I have so far avoided complaining that the book is predictable or that the main character gets all the wins because those aren’t inherently bad things and ancient literature followed those lines, but this isn’t high literature. It’s cheap pulp to read on the playground because none of the other kids want to play with you.

It’s self-esteem porn. What I’ve learned about good and evil is that good people are naturally good and evil people are naturally evil, and of course I the reader live vicariously through the hero and therefore I myself am entirely good and intelligent even if I often break the rules like Harry, and what this school really needs to do is round up all the bullies/Jews/Trump supporters and expel/gas/assassinate them (respectively). No matter what trouble I get into, things will always right themselves in the end just because.

Another thing. We love it when an underdog wins. That’s not Harry Potter. He’s whisked off to this magical world where he’s super rich and popular and talented and confident. That’s the opposite of Luke Skywalker or Rocky Balboa. Harry plateaus in the third chapter of the first book. Any narrow escape from Voldemort is either luck or fate, but there’s never a lesson he learns from it.

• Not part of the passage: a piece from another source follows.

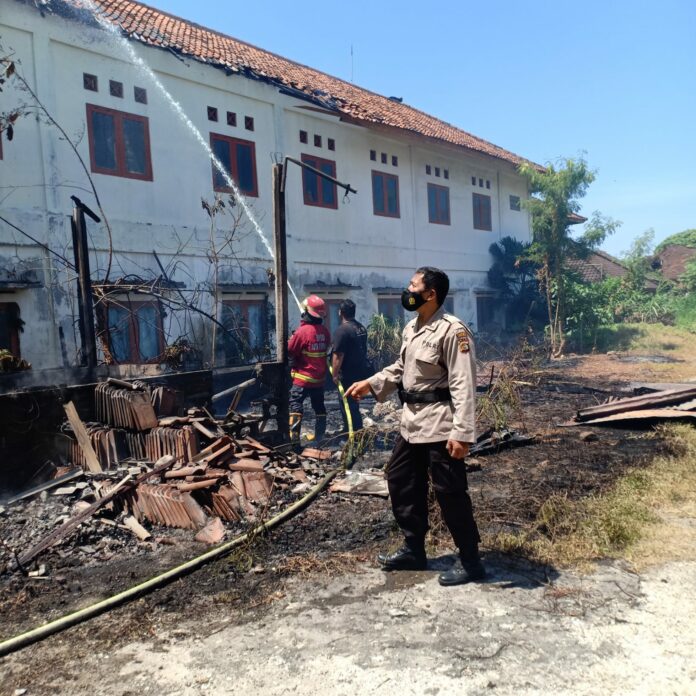 Kebakaran melanda atap bangunan Kantor Dinas Sosial di Jalan Raya Pemogan, Banjar Sakah, Desa Pemogan, Denpasar Selatan pada Minggu (17/9/2023)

Griffindor’s stealing the house cup from Slytherin in the first book was such a bad plot hack that it wasn’t worth commenting on. It’s like a mole on your wife’s face. You know it’s going to be there and you can’t avoid it so you might as well just accept it and pretend it isn’t a glaring flaw.

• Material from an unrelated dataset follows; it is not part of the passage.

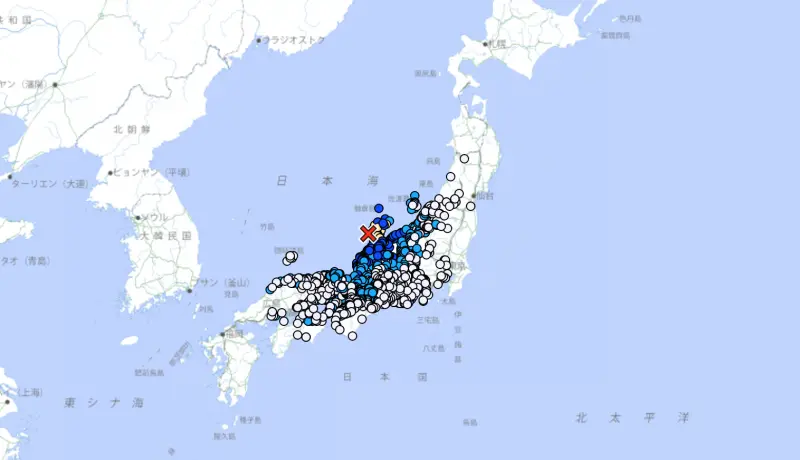 ▲日本石川縣能登半島外海今（26）晚當地時間10點47分發生地震，規模6.4，震央位於北緯37度、東經136.5度的石川縣西方外海，震源深度10公里，最大震度5弱。（圖／翻攝自日本氣象廳）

I got to the part where Snape takes over the Defense Against the Dark Arts class and acts more psychotic than my third grade teacher could ever dream of.

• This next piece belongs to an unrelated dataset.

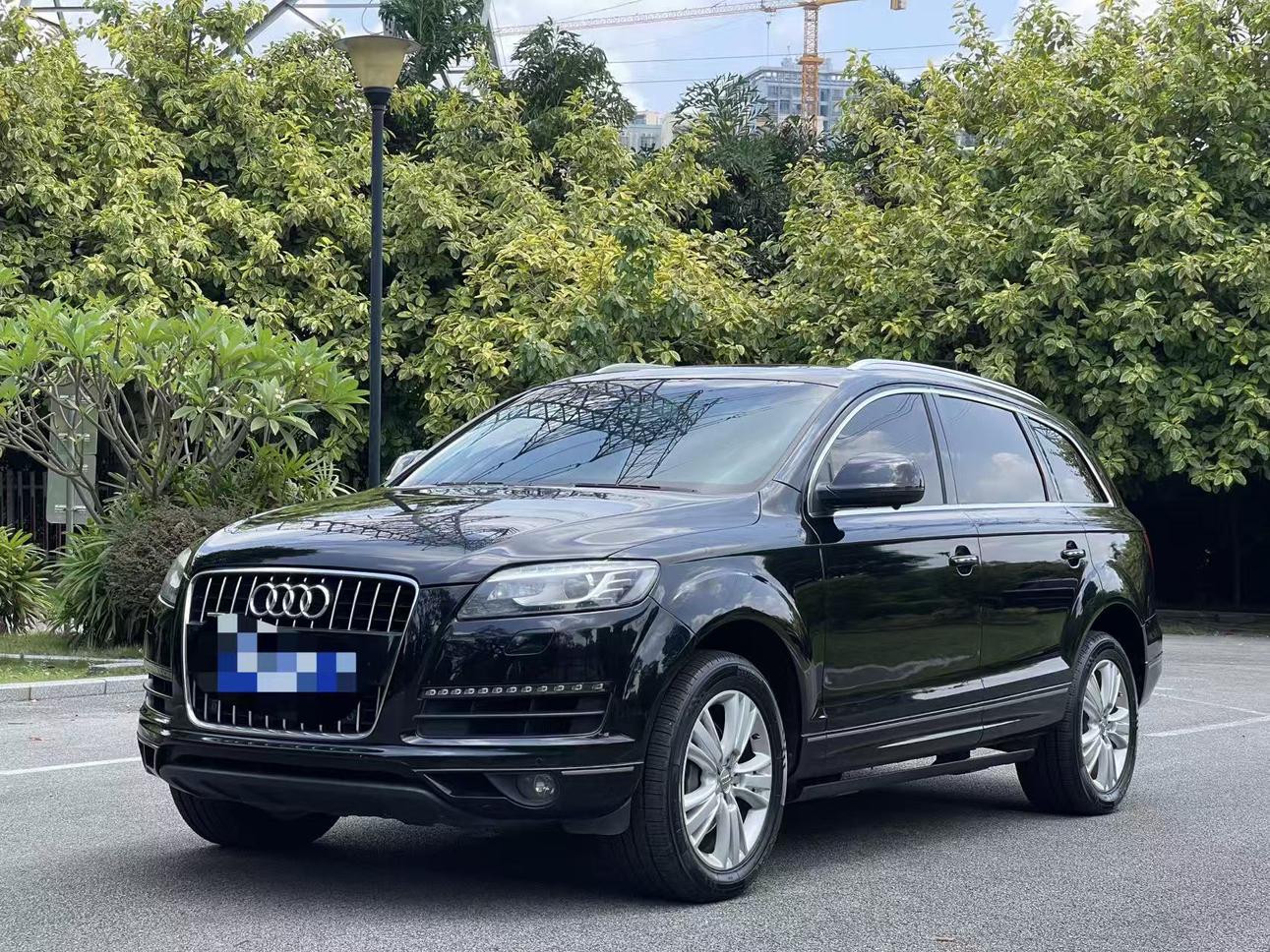 Audi Q7 2015 thumb 8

1) I knew Lupin was a secret werewolf since they introduced him because of his name. Rowling is too try hard with foreshadowing, which is an unnecessary plot device anyway.

2) Maybe the reason the third year students don’t know anything about werewolves is because they didn’t learn anything in the first two years. And why was that Colin kid allowed to advance to the second year when he was in a coma for most of his first year? How much does this waste of tuition cost?

3) Snape would have been fired long ago, especially in today’s climate of self esteem. He only exists to make the plot move.

4) I get that he’s the secret good guy who is protecting the school from a werewolf, but this isn’t a nuanced antihero. His secret heroism isn’t the good side to his horrible temper. He’s just a weirdly put together character that doesn’t reflect real life at all. This isn’t a twist or a character development. It’s a contradiction. His character feels really dissonant. He’s not just a grouch. He is both extremely unapologetically unjust and a noble protector.

5) I’m so tired of him and Malfoy and Peeves interrupting the plot all the time. They contribute nothing. They aren’t evil so much as just the character equivalent of speed bumps.


I’m halfway through Harry Potter 3. There’s a few glaring issues.

1) Nothing has happened yet. This book doesn’t have a plot.

2) Hagrid went to wizard jail for two months without trial in the last book, which would be fine if it were just a holding cell. But instead it’s guarded by supernatural creatures that feed on your bad memories and rob you of all joy. Rowling even says that most people lose all hope after a few weeks. So how would Hagrid be just the same as always after two months with no PTSD of any kind? He never even talks about it. I keep waiting for Rowling to explain this, but I have a feeling it isn’t going to happen.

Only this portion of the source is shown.